From the first line below to the last, reproduce the material exactly and leave out the images.

───── DATA BLOCK

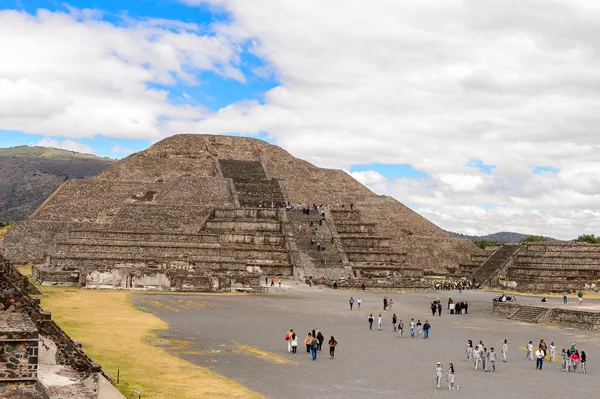 Teotiucan, Meksika - 27 Ekim 2016: Teotihuacan'daki Ay Piramidi (Piramide de Luna), Kolomb öncesi Amerika'da inşa edilmiş birçok Mezoamerikan piramidinin bulunduğu yer. Unesco Dünya Mirası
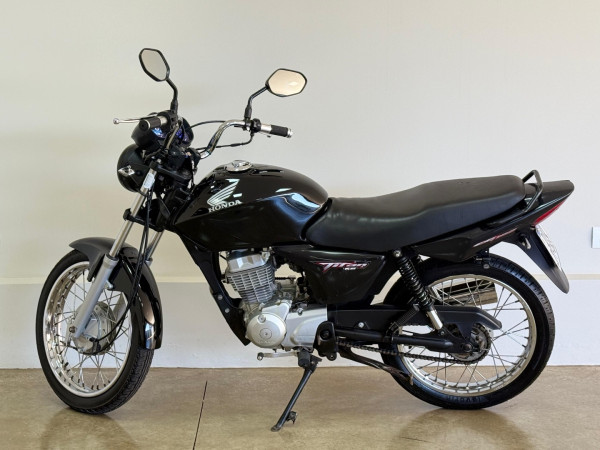 CG 150 TITAN ES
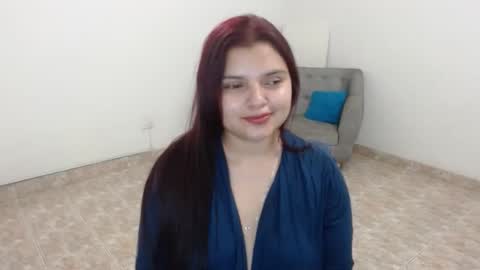 Snapshot of salome_gonzales_ chatting on 03/11/25, 08:09 Salome online show from 03/11/25, 08:09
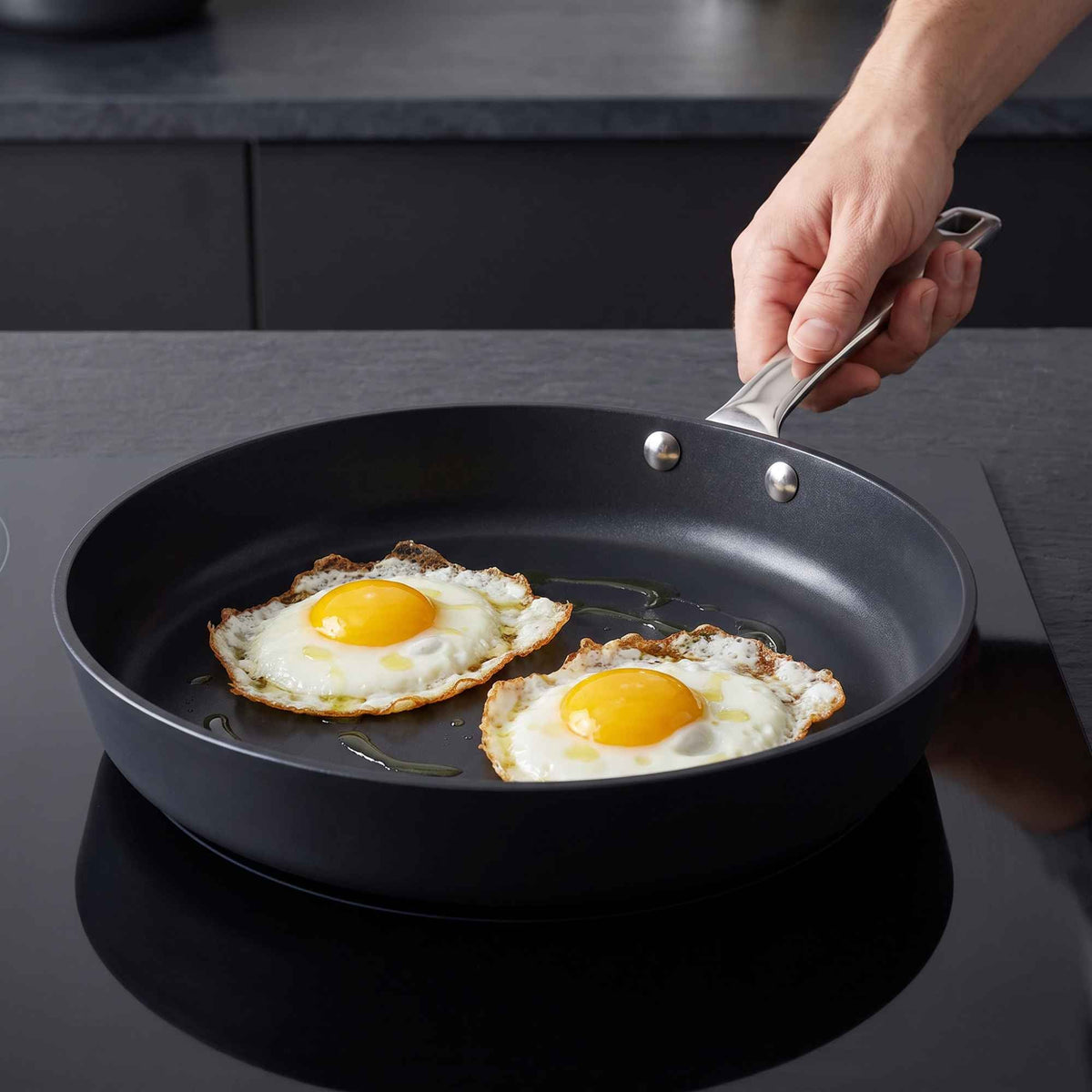Alva Cookware Ceramic Nonstick Frying Pan – PFAS, PTFE & PFOA-Free, Induction-Compatible | 8", 9.5" & 11"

──────────

**THE COMPLETED TASK**
 Teotiucan, Meksika - 27 Ekim 2016: Teotihuacan'daki Ay Piramidi (Piramide de Luna), Kolomb öncesi Amerika'da inşa edilmiş birçok Mezoamerikan piramidinin bulunduğu yer. Unesco Dünya Mirası
 CG 150 TITAN ES
 Snapshot of salome_gonzales_ chatting on 03/11/25, 08:09 Salome online show from 03/11/25, 08:09
Alva Cookware Ceramic Nonstick Frying Pan – PFAS, PTFE & PFOA-Free, Induction-Compatible | 8", 9.5" & 11"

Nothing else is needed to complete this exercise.